Data: 2006-06-08 11:23:03
Temat: Re: A ja o serialach
Od: "Mirmar" <m...@p...onet.pl>
Pokaż wszystkie nagłówki
Użytkownik "---------------------- =================="
<a...@g...SKASUJ-TO.pl> napisał w wiadomości
news:e68t6i$n4d$1@inews.gazeta.pl...
> Wiem, wiem, było po wielokroć... Co tak ludzi kręci w telewizyjnych
> tasiemcach z życia wziętych? Miłość-ciąża-ślub-dorabianie się tego czy
> tamtego-wychowywanie dzieci-wnuki-starośc i the end. Czasem tylko jakiś
> ozdobnik w postaci zdrady-rozwodu-mniej lub bardziej dotkliwej choroby.

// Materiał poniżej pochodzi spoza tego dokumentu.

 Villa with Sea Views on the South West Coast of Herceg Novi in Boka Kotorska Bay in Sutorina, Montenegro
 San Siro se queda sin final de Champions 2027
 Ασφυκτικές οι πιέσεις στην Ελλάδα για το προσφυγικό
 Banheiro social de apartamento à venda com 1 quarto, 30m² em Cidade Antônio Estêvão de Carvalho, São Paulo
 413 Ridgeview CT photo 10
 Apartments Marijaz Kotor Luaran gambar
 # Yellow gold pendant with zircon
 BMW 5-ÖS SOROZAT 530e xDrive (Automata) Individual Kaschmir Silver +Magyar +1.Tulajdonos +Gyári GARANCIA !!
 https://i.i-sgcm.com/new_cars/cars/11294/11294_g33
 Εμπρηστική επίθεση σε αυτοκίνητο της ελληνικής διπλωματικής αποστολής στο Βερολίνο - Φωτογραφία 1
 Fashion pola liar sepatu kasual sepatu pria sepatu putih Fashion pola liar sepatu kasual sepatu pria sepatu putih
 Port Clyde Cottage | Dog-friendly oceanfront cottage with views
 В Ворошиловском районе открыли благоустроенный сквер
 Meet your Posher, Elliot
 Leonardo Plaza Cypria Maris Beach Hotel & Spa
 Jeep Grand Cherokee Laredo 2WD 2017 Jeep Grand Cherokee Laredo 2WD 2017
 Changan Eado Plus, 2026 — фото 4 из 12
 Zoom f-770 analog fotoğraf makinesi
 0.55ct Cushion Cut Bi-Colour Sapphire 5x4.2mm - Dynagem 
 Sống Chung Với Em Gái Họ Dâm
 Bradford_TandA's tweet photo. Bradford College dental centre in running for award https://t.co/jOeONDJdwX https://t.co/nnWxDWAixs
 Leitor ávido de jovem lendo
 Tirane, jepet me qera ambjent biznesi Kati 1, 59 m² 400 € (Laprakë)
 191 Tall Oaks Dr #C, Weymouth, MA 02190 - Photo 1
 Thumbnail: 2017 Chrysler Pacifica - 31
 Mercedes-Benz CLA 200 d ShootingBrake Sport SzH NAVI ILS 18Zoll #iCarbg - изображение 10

> Skończony banal, więc co?
>
Niekoniecznie z życia, a z głów scenarzystów...A co przyciąga ? Nieskonczona
głupota tych seriali...
MM
Ps. Zdecydowanie jest za dużo tych seriali w róznych telewizjach, zwłaszcza
seriali obyczajowych...w porze od 17.00 do 22.00 zobaczyłoby się jakiś dobry
film, tu kicha - najpierw Klan, później Plebania, oddech na wiadomości (lub
bajkę dla dziecka), następnie M wiadomo jakie i na zakonczenie dniówki mamy
na wspólnej...oho, coś przeoczyłem, na Polsacie od 18.00 do 19.00 mamy coś
znowu o miłości...
K..., jak sie cieszę gdy w wieczorne wtorki jest mecz!! No, ale programiści
ramówek wynaleźli by w ramach rekompesaty nadawać Mjm we środy.